New Drug Treatment for Alzheimer's Disease

A molecule designed by a Purdue University researcher could lead to the first drug treatment for Alzheimer's disease.

Shown is an image of the X-ray crystal structure of the molecule bound to memapsin 2, the enzyme responsible for amyloid plaque deposits in the human brain. The bond disables the enzyme and prevents the plaques that cause Alzheimer's disease. (Credit: Ghosh laboratories)

"There are many people suffering, and no effective treatment is available to them," said Arun Ghosh, the Purdue professor who designed the molecule. "There is an urgent need for a drug to treat this devastating disease, and the scientific community has been working on this problem for many years."

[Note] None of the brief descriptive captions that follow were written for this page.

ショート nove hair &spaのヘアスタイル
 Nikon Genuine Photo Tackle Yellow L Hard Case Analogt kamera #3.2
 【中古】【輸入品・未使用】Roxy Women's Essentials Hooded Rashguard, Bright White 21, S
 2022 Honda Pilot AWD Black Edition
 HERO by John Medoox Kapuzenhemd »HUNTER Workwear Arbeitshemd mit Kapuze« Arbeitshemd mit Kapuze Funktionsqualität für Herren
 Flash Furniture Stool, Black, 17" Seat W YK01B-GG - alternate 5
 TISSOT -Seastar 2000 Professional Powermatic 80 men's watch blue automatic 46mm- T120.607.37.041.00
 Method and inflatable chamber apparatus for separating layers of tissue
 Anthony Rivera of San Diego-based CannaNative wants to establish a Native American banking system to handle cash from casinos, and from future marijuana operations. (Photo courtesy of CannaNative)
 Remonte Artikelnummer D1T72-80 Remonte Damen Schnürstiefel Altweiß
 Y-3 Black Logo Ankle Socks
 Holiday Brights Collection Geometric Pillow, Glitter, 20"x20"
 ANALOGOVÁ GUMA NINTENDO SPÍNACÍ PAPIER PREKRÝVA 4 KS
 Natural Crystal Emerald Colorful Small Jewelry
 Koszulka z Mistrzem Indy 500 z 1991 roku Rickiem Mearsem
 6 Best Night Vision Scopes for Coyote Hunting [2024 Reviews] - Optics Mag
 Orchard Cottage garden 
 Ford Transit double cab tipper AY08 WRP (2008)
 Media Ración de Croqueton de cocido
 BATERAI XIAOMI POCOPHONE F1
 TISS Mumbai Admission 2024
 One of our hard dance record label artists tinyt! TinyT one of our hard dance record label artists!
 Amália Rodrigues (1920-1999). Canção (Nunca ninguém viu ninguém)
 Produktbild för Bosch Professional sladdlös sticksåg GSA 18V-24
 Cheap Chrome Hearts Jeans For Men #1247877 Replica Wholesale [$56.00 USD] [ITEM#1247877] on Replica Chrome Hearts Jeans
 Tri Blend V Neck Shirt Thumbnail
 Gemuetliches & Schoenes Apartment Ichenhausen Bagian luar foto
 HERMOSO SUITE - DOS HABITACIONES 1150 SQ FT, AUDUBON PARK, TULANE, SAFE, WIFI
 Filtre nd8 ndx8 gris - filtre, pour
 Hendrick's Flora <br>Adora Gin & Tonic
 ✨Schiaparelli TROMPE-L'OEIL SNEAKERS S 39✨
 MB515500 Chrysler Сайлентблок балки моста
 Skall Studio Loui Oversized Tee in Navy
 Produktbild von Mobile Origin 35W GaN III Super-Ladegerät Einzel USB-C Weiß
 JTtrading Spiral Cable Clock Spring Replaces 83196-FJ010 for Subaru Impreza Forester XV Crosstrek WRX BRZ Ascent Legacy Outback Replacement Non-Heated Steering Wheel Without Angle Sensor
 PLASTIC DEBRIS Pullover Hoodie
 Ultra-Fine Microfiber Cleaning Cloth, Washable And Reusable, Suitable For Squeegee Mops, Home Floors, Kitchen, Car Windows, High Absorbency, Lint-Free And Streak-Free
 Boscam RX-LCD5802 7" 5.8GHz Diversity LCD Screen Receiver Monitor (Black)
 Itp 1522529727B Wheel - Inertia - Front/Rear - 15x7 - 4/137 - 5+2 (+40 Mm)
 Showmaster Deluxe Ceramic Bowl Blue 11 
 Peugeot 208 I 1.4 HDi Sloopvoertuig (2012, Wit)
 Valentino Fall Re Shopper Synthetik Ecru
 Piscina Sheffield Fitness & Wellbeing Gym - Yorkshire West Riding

The National Institute on Aging estimates that as many as 4.5 million Americans suffer from Alzheimer's disease, which leads to dementia by affecting parts of the brain that control thought, memory and language. The new molecule prevents the first step in a chain of events that leads to amyloid plaque formation in the brain. The material at various stages of plaque formation is made up of fibrous clumps of toxic proteins that cause the devastating symptoms of Alzheimer's disease, said Ghosh, who has a dual appointment in the chemistry and medicinal chemistry and molecular pharmacology departments.

"Interdisciplinary research and the tools available today allowed us to build a molecule that is both highly potent and highly selective, meaning it does not affect other enzymes important to brain function," he said.

Jordan Tang, head of the Protein Studies Research Program at the Oklahoma Medical Research Foundation, is one of the discoverers of the critical enzyme and target for intervention, Ghosh said.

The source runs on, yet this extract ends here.